Kamo’oalewa, also called 2016 HO3 and meaning “oscillating celestial object” in Hawaiian, is about 130 to 330 feet (40 to 100 meters) across—about the size of The Statue of Liberty. It was discovered in 2016 by Pan-STARRS, an array of telescopes in Hawaii designed to find and track NEAs. About 250,000 NEAs are currently known.

Kamo’oalewa is a quasi-satellite of Earth because it appears to orbit Earth despite actually orbiting the sun. It moves in sync with Earth in a 1:1 resonance.

Giordano Bruno Crater

The asteroid comes from Giordano Bruno crater on the far side of the moon, according to a paper published this week in Nature Astronomy.

A 14-mile (22-kilometer) wide impact crater, Giordano Bruno crater is thought to be the youngest crater of its size or larger on the moon’s surface. The researchers say it was caused by an asteroid about one mile (1.6 kilometers) in diameter striking the moon between one million and 10 million years ago.

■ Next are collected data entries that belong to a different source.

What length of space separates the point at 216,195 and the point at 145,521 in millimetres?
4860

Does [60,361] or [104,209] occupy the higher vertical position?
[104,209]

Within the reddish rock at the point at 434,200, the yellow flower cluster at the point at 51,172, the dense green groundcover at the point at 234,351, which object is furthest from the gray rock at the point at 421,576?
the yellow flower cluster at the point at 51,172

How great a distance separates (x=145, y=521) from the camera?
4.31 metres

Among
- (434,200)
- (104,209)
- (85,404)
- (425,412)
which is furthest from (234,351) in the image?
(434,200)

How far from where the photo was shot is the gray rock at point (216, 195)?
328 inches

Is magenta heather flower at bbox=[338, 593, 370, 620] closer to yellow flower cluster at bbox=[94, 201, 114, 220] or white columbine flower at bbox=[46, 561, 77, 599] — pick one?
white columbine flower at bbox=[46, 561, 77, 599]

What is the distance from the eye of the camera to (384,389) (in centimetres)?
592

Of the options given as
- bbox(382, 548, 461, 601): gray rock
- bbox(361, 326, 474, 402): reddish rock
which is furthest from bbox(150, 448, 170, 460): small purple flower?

The researchers used numerical simulations to model the kind of impact that could produce and eject something the size of Kamo’oalewa. The project involved weeks of computation on supercomputers to explore every possibility, according to Science.

Lunar Fragments

This is not the first time the moon has been suggested as the source of Kamo’oalewa. In 2021, a team of University of Arizona astronomers using Arizona’s Large Binocular Telescope Observatory suggested that Kamo’oalewa could be a chunk of the moon. That was based on the fact that its spectrum—the light it was reflecting—was unlike that of any other NEA. Last year another research team agreed after discovering that although unlikely, fragments of the moon caused by an impact in the past few million years could find their way into orbits like that of Kamo’oalewa.

Although the moon is covered in craters—each caused by asteroids or meteorites—the lunar material ejected by the impact generally falls back to the lunar surface.

China’s Mission

Scientists will soon know more about Earth’s “second moon.” Next year, Kamo’oalewa will be visited by Tianwen-2, China’s first asteroid sampling mission. It will be the first mission to study an asteroid tens of meters in size—the most common yet least understood small body.

Kamo’oalewa is expected to orbit in the vicinity of Earth for millions of years.

‘Dark Side’ Of The Moon

Giordano Bruno crater is on the moon’s far side, often mistakenly called its “dark side.” Despite it being a term used in popular culture, the dark side of the moon has no technical meaning. The moon is tidally locked to Earth, so we only see one side of it, the near side.

However, half of the moon is constantly lit by the sun as it orbits Earth, with only our view of it changing day and night. These are the phases of the moon, but only at full moon is the far side completely dark.

Wishing you clear skies and wide eyes.